Contact Emily and check out more of her work here: https://www.artstation.com/emilyerin
Artist Spotlight 7: Elliot Bliss
Elliot is a local legend, and if you don't know about him already, you've definitely seen his art all over the city and peppered throughout the world. With a unique ability to combine lifelike color theory and tangible depth with psychedelic palettes and dreamlike perspectives, Elliot's work is unmistakable. At RETROCHROMA, Elliot did some live painting and vended finished works.!
Born and raised in Santa Cruz County, Elliot feels most at home and inspired here. He doodled on just about every paper during school growing up. He attended UCSC, and Cabrillo with an art major, and Academy of Art SF. He began selling custom painted vans in 2003 and custom paintings in 2009 and has been fully self employed painting ever since.
Elliot supports himself by selling art full-time through local shops, Instagram, and is often commissioned for custom portraits and murals. He hopes to continue indefinitely and cover all the walls he can get his hands on with beautiful art, and send paintings all around the world.

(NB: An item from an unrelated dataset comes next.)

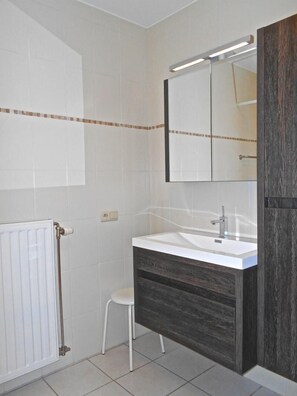 Apartment, 2 Bedrooms | Bathroom | Combined shower/tub, towels - Kompas 1 0102 (Nieuwpoort)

Artist Spotlight 8: Avi David Sinai
Avi has been a Liminal Space supporter since day one, bringing his unique artwork to each of our events, be it t-shirts, prints, canvases and live painting. At RETROCHROMA, we were lucky enough to have Avi holding down the "Human Caricature Drawing station" at Liminal Space.
If you'd like a live caricature/drawing done of you (and maybe some friends!) in the unique and unmistakeable style of Avi Sinai, be sure to come back to more of our events!
Avi makes artworks, sells 3d art cards and prints. For more information, visit https://avidavidsinai.wixsite.com/artbombs
Artist Spotlight 9: Oskar and Weston
Oskar and Weston are two of the many core organizers of Liminal Space, bringing music, visuals, and interactivity to the space, bridging the gap between technology, art, biology and humanity.
At RETROCHROMA, these two hosted a collaborative art project called '50 Shapes of Slime'. Over the course of the night, attendees of Liminal Space painted on a recycled surfboard while a biological Slime Mold simulation was projected onto the surfboard, which reacted to paint as if it were food.
Oskar Elek is a researcher at UCSC Computational Media. He explores how biologically inspired algorithms can shed new light on questions in astrophysics, linguistics and design. At Liminal Space he creates interactive visual performances with the help of a slime mold simulation. Find more at elek.pub
Weston Mossman is a UCSC Electronic Music and Computational Media alum. He is currently an active software architect, guitarist, electronic musician, and event organizer. Liminal Space has been his main creative outlet, and the collaboration he's had the opportunity to witness and join in on is a huge source of inspiration. Weston hopes to spread this outlet and inspiration to the Santa Cruz art community.
Oskar and Weston met while mountain biking and have since been adamantly discussing art, computational media, music, society, fractals and the nature of reality. The 50 Shapes of Slime art project is the result of many months of collaboration and brainstorming, and years of Oskar's research into free-agent Slime Mold simulation.